In 2004, Lanter was a contestant on Bravo's reality show Manhunt: The Search for America's Most Gorgeous Male Model. He did not win the competition. In November of that year, Lanter appeared as a caddie in the biographical film Bobby Jones: Stroke of Genius. Between June and July 2005, Lanter appeared in three episodes of the Fox supernatural drama series Point Pleasant, playing the role of Nick. The show received low ratings and did not last a full season. He has since appeared in television shows such as Grey's Anatomy and Big Love. In April 2005, he signed on to become a series regular portraying the role of Horace Calloway on ABC's political drama series Commander in Chief. The series premiered in September 2005, ran for one season and was cancelled in June 2006.

In 2008, he took on the lead role as Zach Conroy in The Cutting Edge: Chasing the Dream, as a member of a figure skating pair. Later that year, Lanter starred in Disaster Movie as the character Will. The film later appeared on Empire's 2010 poll The 50 Worst Movies Ever, in which it scored number 14. Lanter appeared in the slasher film Sorority Row, which was released in September 2009. It received negative reviews from both critics and audiences.
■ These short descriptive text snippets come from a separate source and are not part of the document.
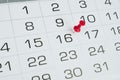 Calendar page pinned in a calendar on date business meeting schedule Royalty Free Stock Photo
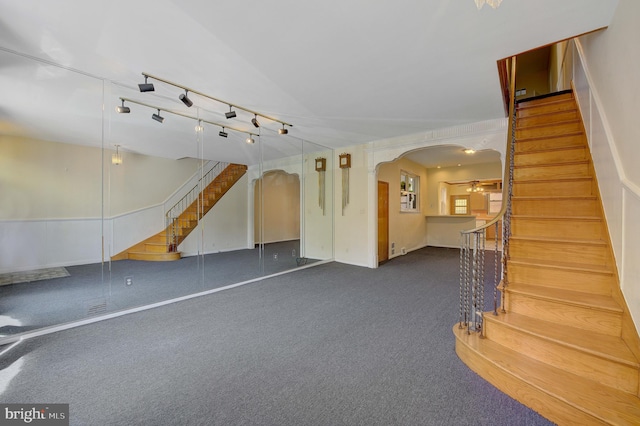 interior space with dark colored carpet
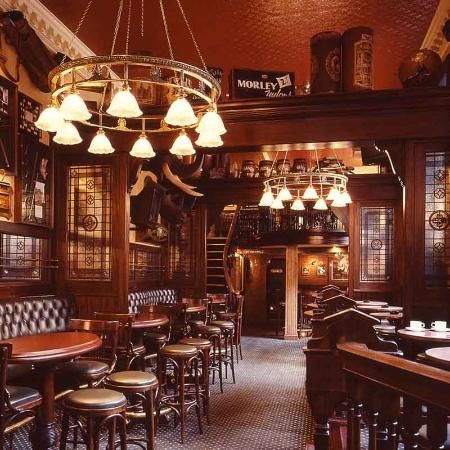 Alternatively, the interior of your pub may look like this: a little more glamorous, with touches like leather seating and pretty lighting. (Make sure your pub has a spare back room, or an upstairs area you can hire that's separate from the rest of the pub, and preferably doesn't contain the only bathroom in the place. This will save you tonnes of money compared to hiring out the whole place!) English Pub Interior, Irish Pub Interior, Pub Interior Design, Pub Interior, English Pub, Bar In Casa, Pub Design, Design Café, Home Pub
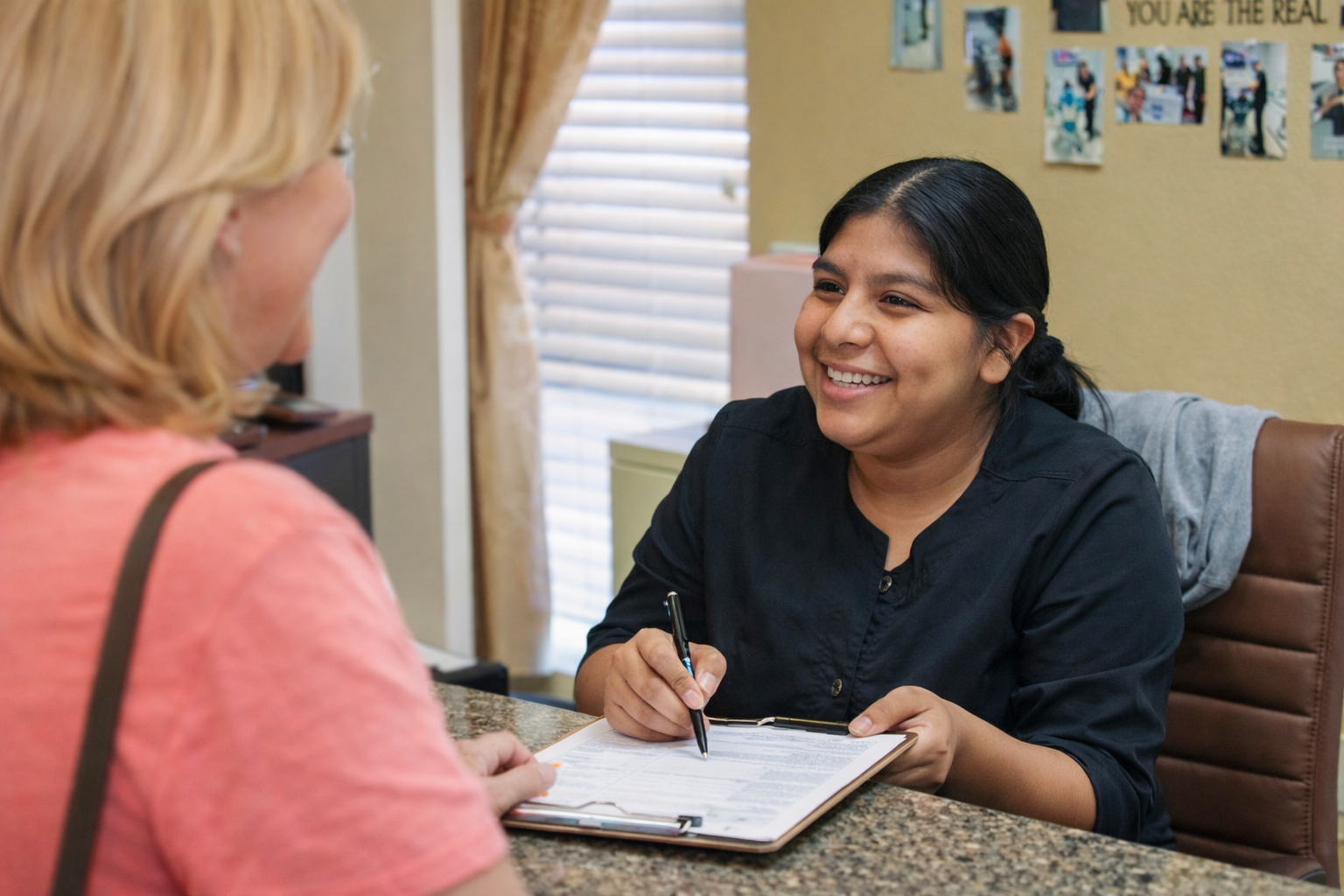 Smiling woman takes notes across a desk during a consultation in an office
In 2009, he began a major recurring role on the CW's 90210 portraying Liam Court and he joined the regular cast in season two. In March 2010, he signed on for another parody project with Jason Friedberg and Aaron Seltzer, 20th Century Fox's Vampires Suck. He played Edward Sullen, a spoof of Edward Cullen from the Twilight saga. The film was released in August 2010 and received negative reviews. In 2011, Lanter appeared in the psychological thriller The Roommate as Jason. Although it received unfavorable reviews from critics, it was a moderate success at box office in North America; however, it was overshadowed by that year's Super Bowl. In 2012, he worked on the films Liars All and A Chance of Rain. He also voices Harry Osborn, Flash Thompson and Venom in the TV series Ultimate Spider-Man, which premiered on April 1, 2012. He also voiced the role of Sled in Secret of the Wings, which was released later that year.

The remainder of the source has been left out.